The neuronal membrane glycoprotein M6a (Gpm6a) functions in the processes of neuronal differentiation and development and its function in the differentiation of neurons derived from mouse and human embryonic stem cells has been shown recently. Diverse neuropsychiatric diseases such as depression, schizophrenia, claustrophobia, Alzheimer’s disease, and learning disability have been linked to the alteration in GPM6A expression levels or sequence.
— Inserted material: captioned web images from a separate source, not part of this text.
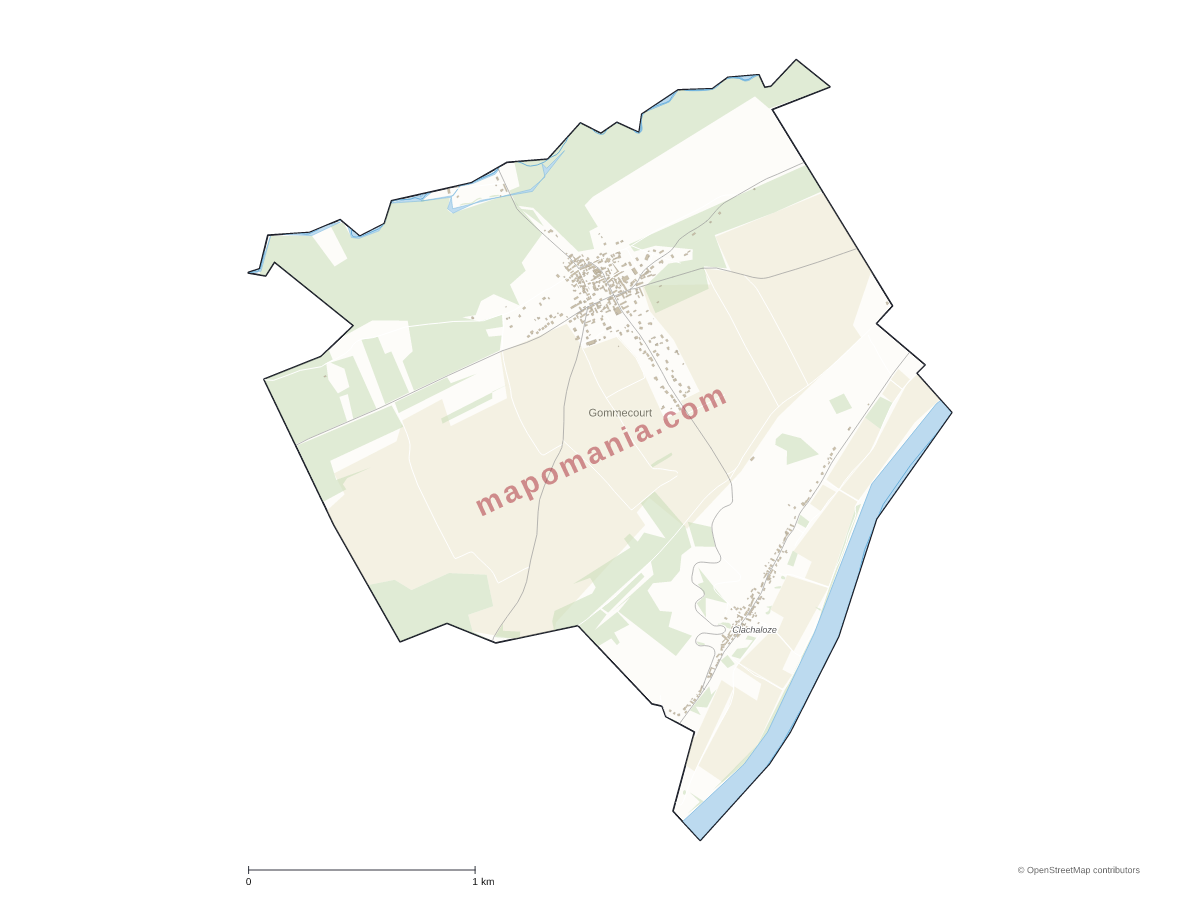 Carte de Gommecourt à personnaliser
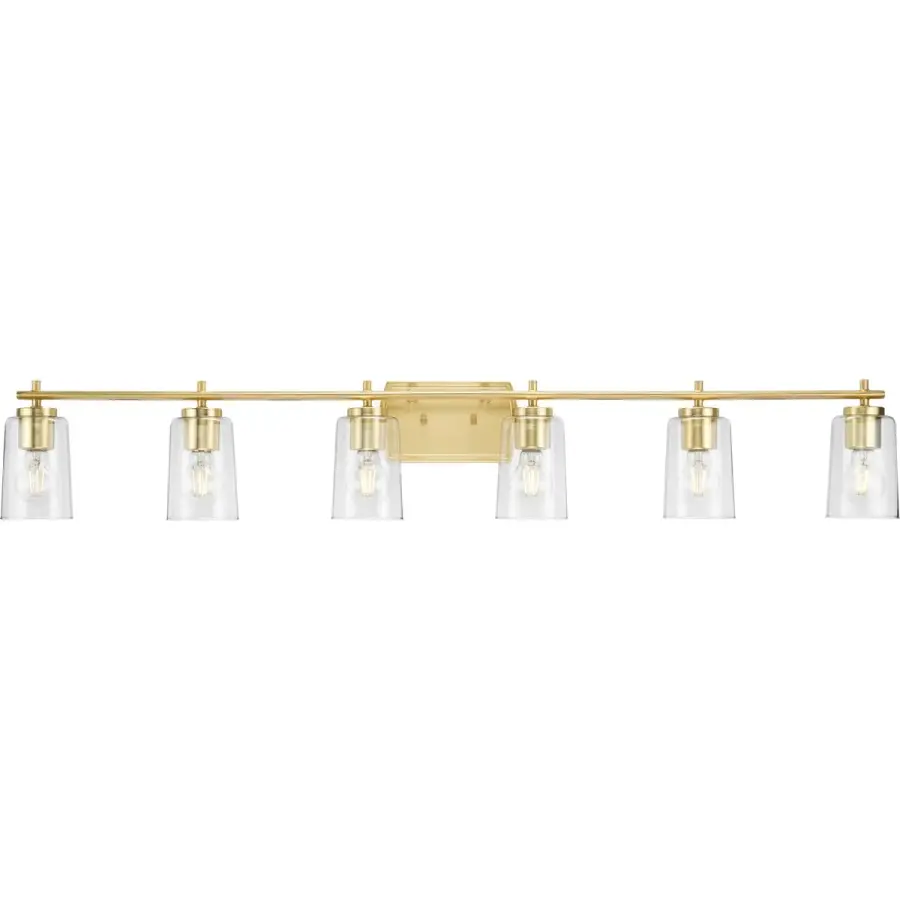 Adley Six-Light Clear Glass Bath Vanity Light - Image 1
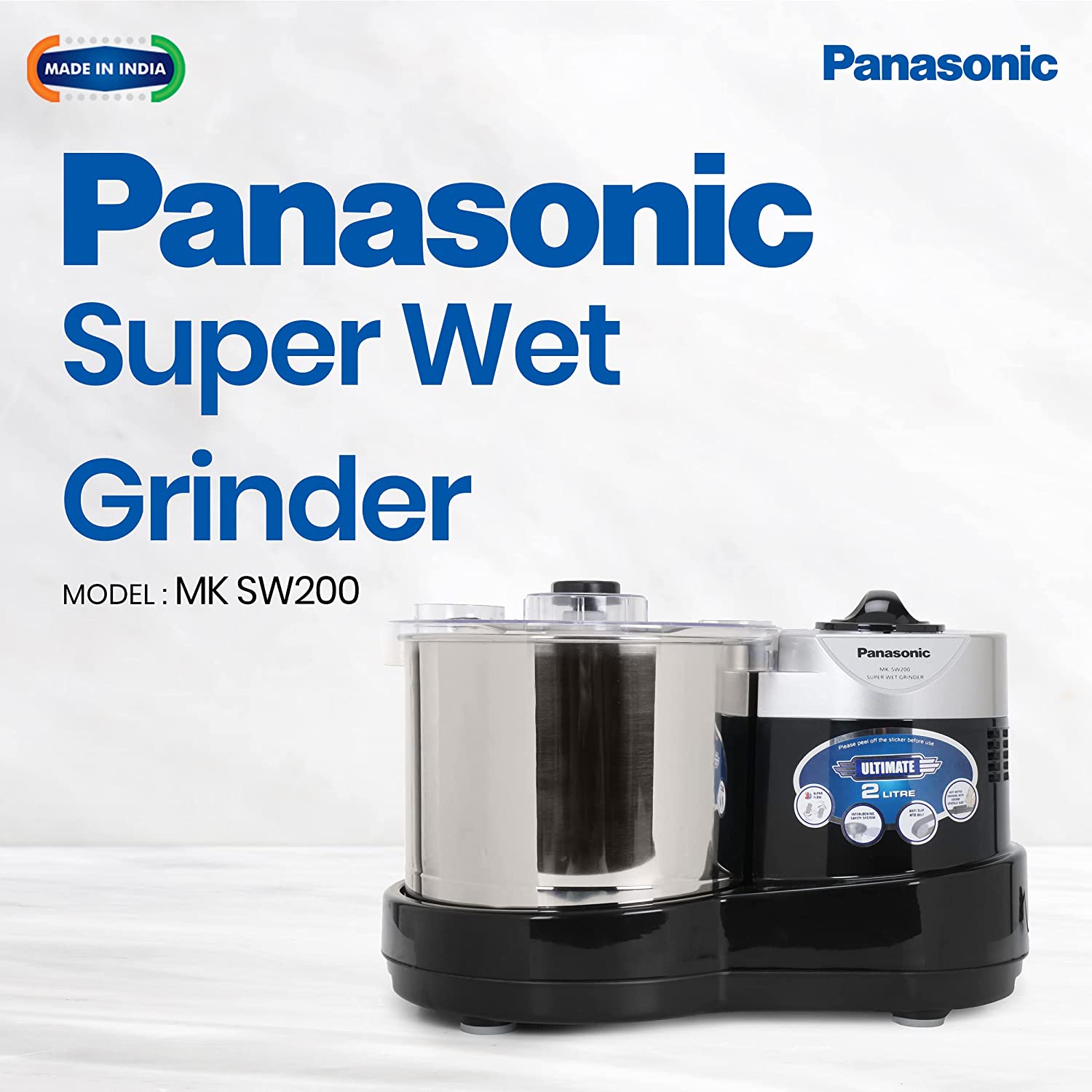 Panasonic Ultimate 2 Litres 2 Stones Wet Grinder (Shock Proof, Black)_11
In the present project we propose to employ technology human induced pluripotent stem cells (iPSCs) as an alternative approach to study the role of Gpm6a in neuropsychiatric disease in the human context. The central hypothesis to be tested is that the Gpm6a functions in differentiation of medial ganglionic eminence (MGE) progenitors and neurons derived from human iPSCs. MGE progenitors serve as precursors to GABA interneurons and basal forebrain cholinergic neurons (BFCNs), two cell types that are relevant in numerous neuropsychiatric diseases such as schizophrenia, autism, intellectual disabilities, and Alzheimer’s disease, among others.
Our aim is to use iPSCs differentiated into MGE progenitors to study functional consequences of the presence or absence of Gpm6a in the development of human brain tissues. Here iPSC lines will be generated and differentiated toward MGE progenitors and endogenous Gpm6a expression will be evaluated by qPCR and immunocytochemistry throughout the course of neural differentiation of iPSCs.